Volevo sapere anche come giudicate l'edizione Merrill-Moffo-Kraus-Solti, che mi pare quì nessuno abbia citato.
Merrill non è un campione di finezza, ma non è certo molto peggio di Milnes, al cui confronto pare comunque più spontaneo ed eloquente, pur risolvendo il personaggio in maniera tradizionale. Solti dirige al solito in maniera fiammeggiante, sicuramente manca della cura di un Giulini o dell'approfondimento di un Kubelik, ma i momenti in cui è richiesta ansia e concitazione sono decisamente i suoi (sentire l'entrata del duca nel II atto). Kraus io non tanto lo sopporto, al suo belcanto preferisco spesso il malcanto di Pippo, però contrariamente a Bergonzi fa davvero suo il personaggio, e si può permettere un "Parmi veder le lagrime" davvero sopraffino. Quanto alla Moffo, nel 63 comincia già ad accusare i primi problemi vocali, ma la sua lettura è splendida perchè è l'unica a dare un tocco di umana sensualità a questo personaggio troppe volte stilizzato. Per come la vedo io Gilda è una ragazza segregata come fosse in perenne punizione, è "in alto" laddove l'ha messa suo padre (come pure la fa la Sutherland per intenderci) ma è terribilmente attratta dal basso, muore dalla voglia di vivere la vita nella maniera più terrena (e carnale perchè no) possibile. Il suo "Caro Nome" per fare un esempio freme di passione repressa, consapevole o inconsapevole che sia, mi pare una interpretazione assai credibile.

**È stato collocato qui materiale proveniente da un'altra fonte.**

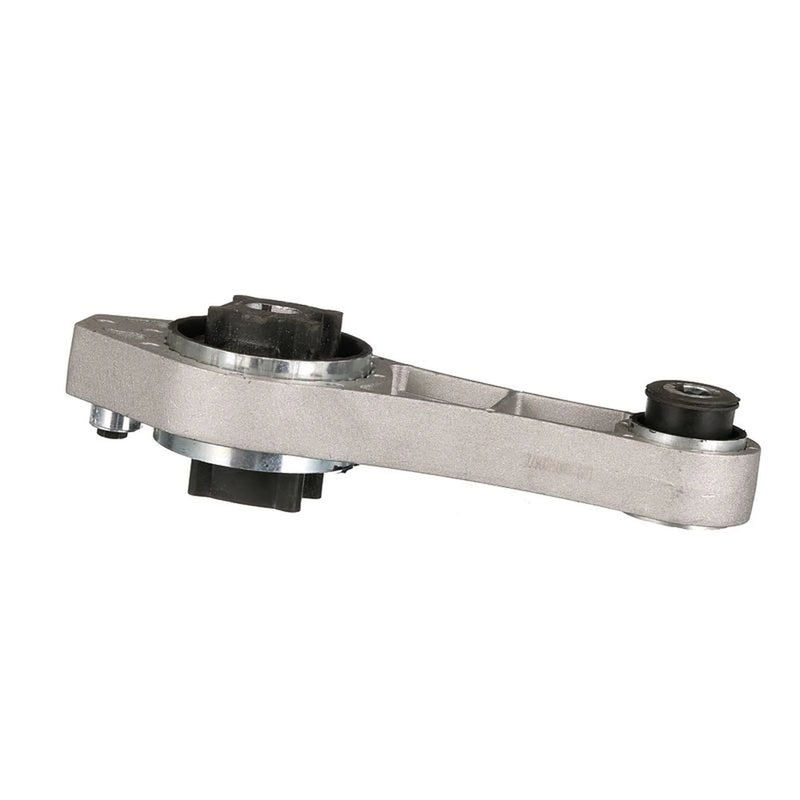Gates Engine Mount Mounting Front fits Renault Master II 2001-2006 1.9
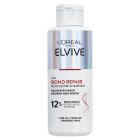 L'Oreal Elvive Bond Repair Shampoo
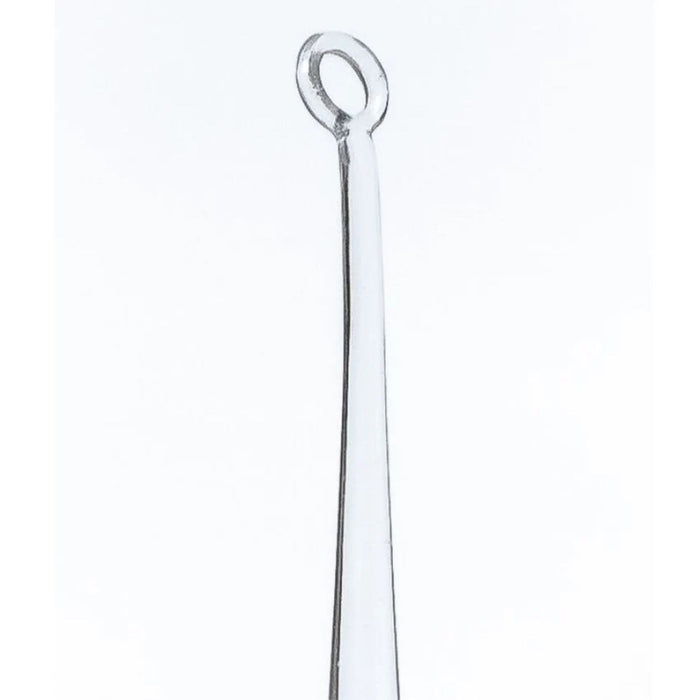 Bionix ClearLook® Lighted Ear Curette Refill Pack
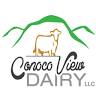 Conoco View Dairy LLC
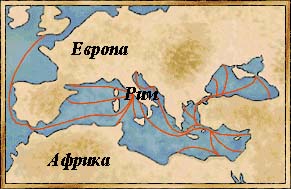 ����� ������� ������������ ����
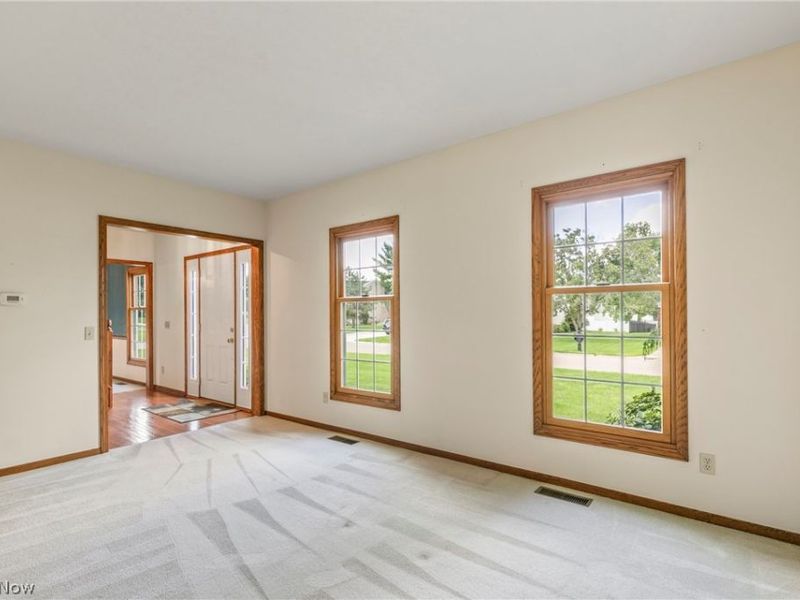 906 Southmoor Circle NE, Canton, OH 44721 Photo 26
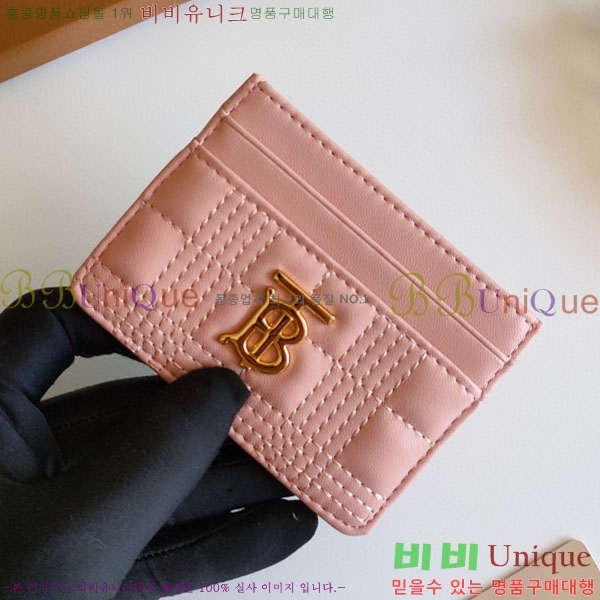 ������ Ƽ�� ī������ 8049-4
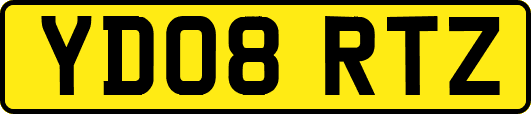 YD08RTZ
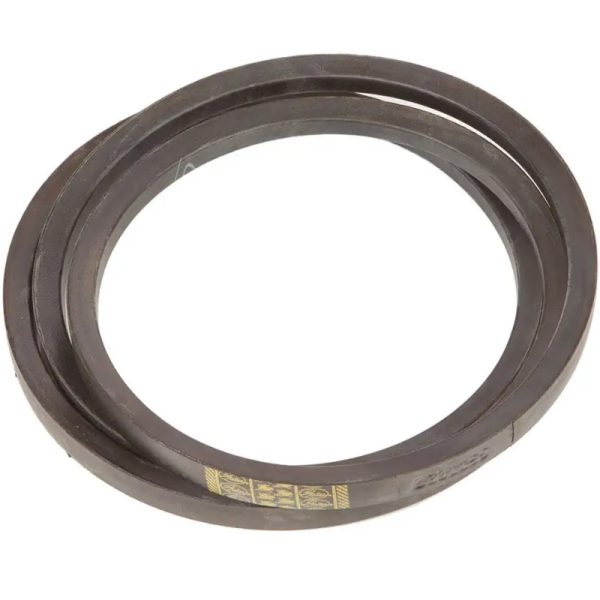 MERCATOR, MERCATOR 60, PRASY, MARKANT, MARKANT 65, MARKANT 55, MARKANT 51, MARKANT 41,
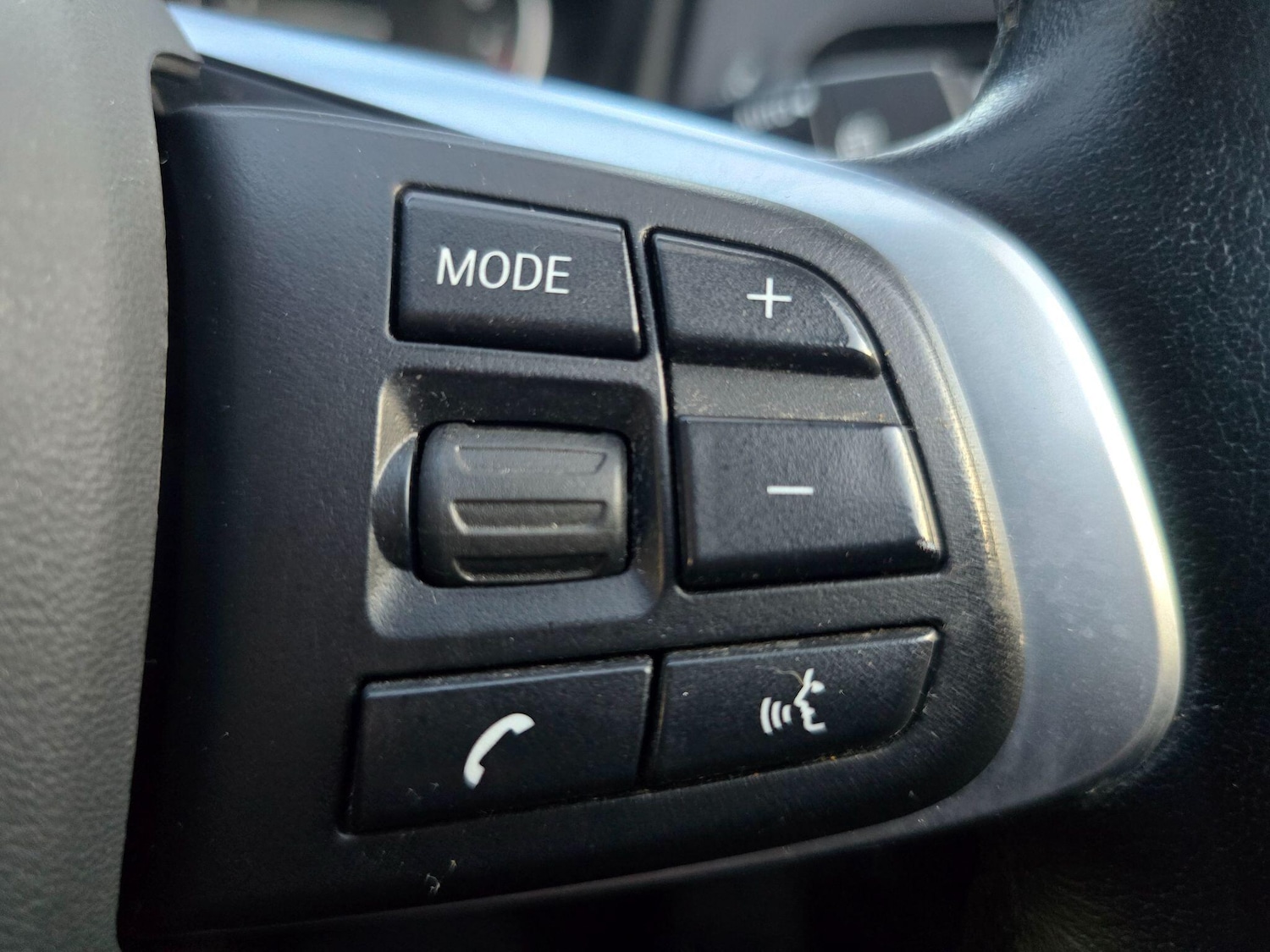 Used BMW 2 Series Gran Tourer 2016 for sale - 76801369: Photo 32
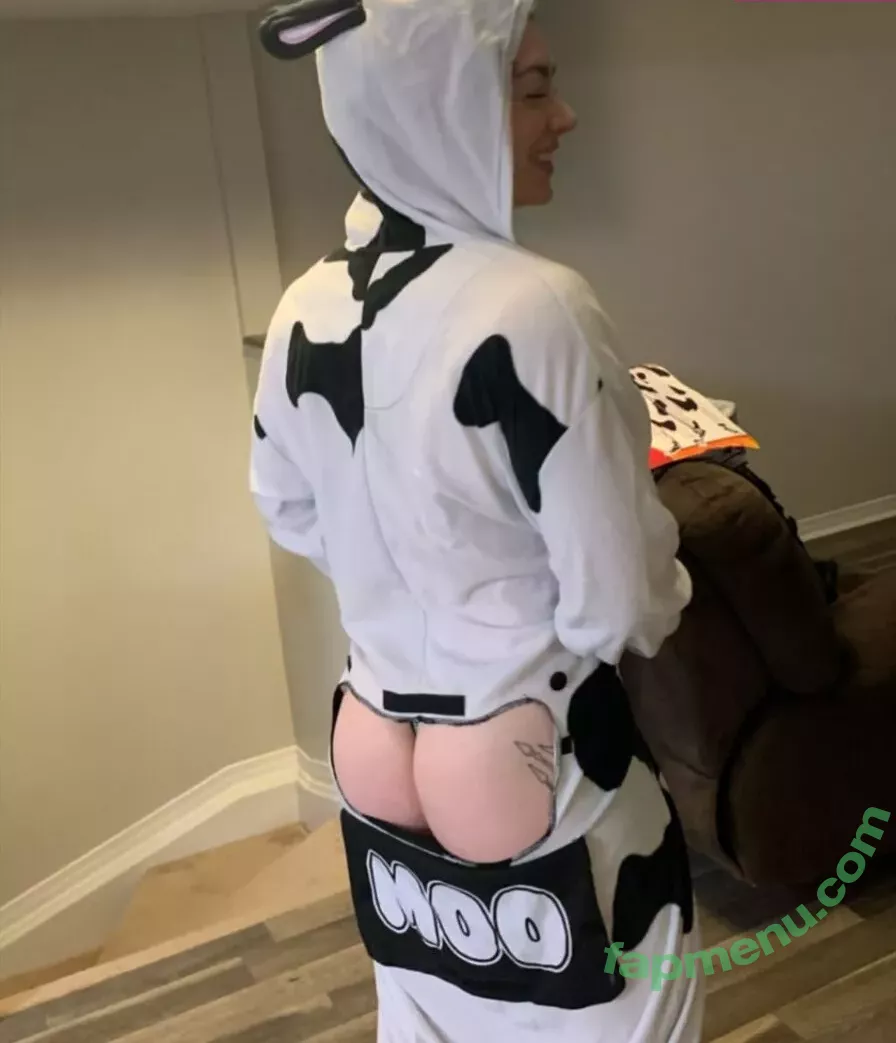 Natasha Aughey nude photo #0184 (natashaaughey / natashaughey / natashaughey_)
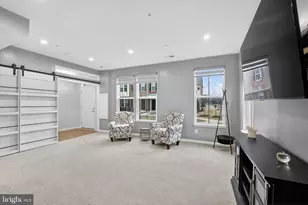 10945 Bartholomew Aly, Waldorf, MD 20603 - Photo 24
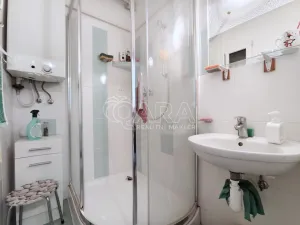 Pronájem bytu 2+kk, Praha - Žižkov, Lucemburská, 49 m2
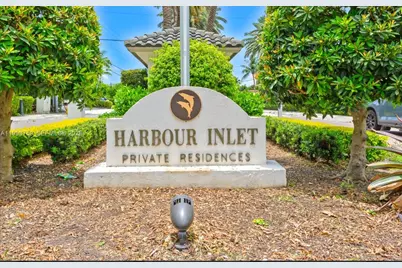 1799 SE 25th Ave, Fort Lauderdale, FL 33316 - Photo 23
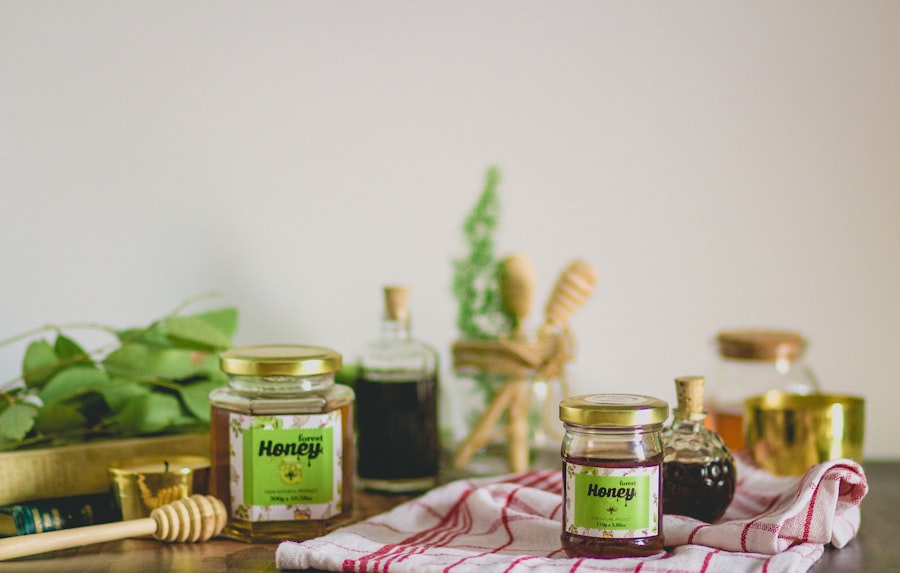 Ethical Considerations in Deploying Honeypots to Trap Cyber Criminals 1 Honeypots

PS: ho riascoltato alcuni brani dell'edizione in studio di MacNeil... ricordavo male di Sanzogno. il quale invece dirige elegantemente e in maniera non certo priva di pathos. Del resto Sanzogno (direttore ma anche compositore) non era certo un battisolfa di turno... E' probabile che io fossi rimasto traumatizzato da "Si vendetta" effettivamente staccato lentissimo! MacNeil grande poesia, fin troppo corretto direi (dal vivo con la Gencer, complice anche l'atmosfera live sudamericana, darà ancor di più in termini di coinvolgimento), la Sutherland ha addirittura qualche accenno di dinamica, anche se, come sempre, non si capisce una parola di quel che canta edizione comunque memorabile.